WHAT YOU HAVE TO DO | From the entries below, return exactly the lines beginning at the one that contains "Do not forget" and ending at the one that contains "V6 engine, dual", both of them included, and only those lines.

GIVEN ENTRIES |
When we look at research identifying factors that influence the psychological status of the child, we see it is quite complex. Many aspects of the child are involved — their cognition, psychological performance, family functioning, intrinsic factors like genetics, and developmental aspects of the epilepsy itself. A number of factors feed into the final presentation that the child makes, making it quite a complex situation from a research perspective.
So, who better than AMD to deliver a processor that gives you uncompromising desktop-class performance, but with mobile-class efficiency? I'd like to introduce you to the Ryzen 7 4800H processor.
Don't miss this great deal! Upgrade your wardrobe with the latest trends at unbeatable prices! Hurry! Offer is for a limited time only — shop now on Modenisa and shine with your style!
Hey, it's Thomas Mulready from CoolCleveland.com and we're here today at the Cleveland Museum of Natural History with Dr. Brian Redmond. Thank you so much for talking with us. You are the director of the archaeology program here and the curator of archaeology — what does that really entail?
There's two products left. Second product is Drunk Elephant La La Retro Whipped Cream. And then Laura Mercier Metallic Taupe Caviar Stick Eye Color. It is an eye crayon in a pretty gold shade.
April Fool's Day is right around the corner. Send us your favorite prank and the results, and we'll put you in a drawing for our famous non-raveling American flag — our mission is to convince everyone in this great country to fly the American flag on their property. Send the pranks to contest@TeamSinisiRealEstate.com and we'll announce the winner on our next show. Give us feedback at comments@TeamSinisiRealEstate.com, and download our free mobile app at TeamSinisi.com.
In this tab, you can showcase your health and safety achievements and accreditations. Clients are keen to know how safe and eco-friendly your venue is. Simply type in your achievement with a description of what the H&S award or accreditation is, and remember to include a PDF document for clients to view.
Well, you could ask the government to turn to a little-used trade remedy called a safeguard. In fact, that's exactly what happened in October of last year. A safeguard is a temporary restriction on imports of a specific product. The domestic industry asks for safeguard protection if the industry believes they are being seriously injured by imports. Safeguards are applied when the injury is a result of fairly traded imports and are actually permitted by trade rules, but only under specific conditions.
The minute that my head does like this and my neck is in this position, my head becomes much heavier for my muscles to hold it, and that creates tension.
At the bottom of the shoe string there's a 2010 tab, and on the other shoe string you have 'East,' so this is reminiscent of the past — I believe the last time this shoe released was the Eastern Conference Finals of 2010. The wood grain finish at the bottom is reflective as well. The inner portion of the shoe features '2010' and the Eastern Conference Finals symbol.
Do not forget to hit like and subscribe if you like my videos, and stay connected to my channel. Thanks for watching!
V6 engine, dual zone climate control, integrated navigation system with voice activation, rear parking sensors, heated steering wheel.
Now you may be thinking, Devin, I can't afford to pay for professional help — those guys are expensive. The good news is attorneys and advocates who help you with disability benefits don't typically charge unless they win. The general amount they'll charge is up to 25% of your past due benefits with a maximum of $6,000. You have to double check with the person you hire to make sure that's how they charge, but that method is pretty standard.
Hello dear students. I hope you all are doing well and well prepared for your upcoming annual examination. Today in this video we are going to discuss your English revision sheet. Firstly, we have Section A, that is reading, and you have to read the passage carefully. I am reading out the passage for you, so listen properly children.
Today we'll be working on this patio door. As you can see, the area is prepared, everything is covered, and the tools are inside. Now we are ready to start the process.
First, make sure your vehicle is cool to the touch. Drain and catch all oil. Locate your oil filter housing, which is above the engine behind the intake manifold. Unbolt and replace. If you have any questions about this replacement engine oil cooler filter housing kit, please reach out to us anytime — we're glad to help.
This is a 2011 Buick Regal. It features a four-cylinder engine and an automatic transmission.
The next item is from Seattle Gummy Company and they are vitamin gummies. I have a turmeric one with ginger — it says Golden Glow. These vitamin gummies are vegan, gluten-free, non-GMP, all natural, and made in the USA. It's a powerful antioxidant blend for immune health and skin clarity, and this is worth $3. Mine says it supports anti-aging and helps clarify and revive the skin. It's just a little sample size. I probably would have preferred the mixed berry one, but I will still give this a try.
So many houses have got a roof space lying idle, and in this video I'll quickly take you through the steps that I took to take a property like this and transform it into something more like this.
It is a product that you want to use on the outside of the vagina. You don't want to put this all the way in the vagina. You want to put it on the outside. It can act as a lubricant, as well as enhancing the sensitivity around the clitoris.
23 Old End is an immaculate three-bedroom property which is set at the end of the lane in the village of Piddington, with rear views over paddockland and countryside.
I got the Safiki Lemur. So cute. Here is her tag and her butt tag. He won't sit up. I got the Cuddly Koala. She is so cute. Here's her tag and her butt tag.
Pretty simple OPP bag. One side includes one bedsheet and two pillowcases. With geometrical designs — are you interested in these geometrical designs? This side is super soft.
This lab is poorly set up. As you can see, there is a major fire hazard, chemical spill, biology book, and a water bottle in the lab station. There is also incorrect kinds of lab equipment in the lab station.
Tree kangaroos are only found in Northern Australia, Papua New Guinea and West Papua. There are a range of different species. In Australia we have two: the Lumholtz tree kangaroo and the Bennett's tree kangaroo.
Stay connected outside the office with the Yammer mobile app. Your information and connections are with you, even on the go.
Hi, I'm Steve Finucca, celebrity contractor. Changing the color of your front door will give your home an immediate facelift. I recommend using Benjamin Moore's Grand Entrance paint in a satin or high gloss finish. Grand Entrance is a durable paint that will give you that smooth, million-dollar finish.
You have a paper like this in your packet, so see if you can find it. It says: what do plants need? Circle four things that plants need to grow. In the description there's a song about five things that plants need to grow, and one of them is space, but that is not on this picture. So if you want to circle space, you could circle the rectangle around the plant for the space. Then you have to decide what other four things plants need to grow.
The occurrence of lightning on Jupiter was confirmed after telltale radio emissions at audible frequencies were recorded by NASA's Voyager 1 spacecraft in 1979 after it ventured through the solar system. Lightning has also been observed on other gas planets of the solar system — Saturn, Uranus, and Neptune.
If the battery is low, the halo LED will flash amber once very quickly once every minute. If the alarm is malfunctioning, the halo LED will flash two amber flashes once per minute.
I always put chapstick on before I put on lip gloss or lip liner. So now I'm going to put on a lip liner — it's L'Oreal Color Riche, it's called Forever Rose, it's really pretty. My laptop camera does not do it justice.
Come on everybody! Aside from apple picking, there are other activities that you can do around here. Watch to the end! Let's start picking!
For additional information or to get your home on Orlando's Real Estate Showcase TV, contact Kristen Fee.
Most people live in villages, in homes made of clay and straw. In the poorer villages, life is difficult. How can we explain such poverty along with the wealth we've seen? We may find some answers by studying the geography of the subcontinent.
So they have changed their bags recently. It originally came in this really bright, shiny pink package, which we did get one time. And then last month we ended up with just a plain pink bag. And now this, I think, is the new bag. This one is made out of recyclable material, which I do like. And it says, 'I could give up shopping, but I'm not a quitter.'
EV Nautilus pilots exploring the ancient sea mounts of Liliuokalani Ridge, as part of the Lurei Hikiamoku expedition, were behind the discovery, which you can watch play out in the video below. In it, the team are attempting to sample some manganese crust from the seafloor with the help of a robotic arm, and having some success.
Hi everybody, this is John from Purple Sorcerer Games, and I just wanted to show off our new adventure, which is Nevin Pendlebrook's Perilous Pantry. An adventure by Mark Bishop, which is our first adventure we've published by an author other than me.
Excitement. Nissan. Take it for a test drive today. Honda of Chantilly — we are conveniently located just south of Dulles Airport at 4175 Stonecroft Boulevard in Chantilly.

FINISHED EXERCISE |
Do not forget to hit like and subscribe if you like my videos, and stay connected to my channel. Thanks for watching!
V6 engine, dual zone climate control, integrated navigation system with voice activation, rear parking sensors, heated steering wheel.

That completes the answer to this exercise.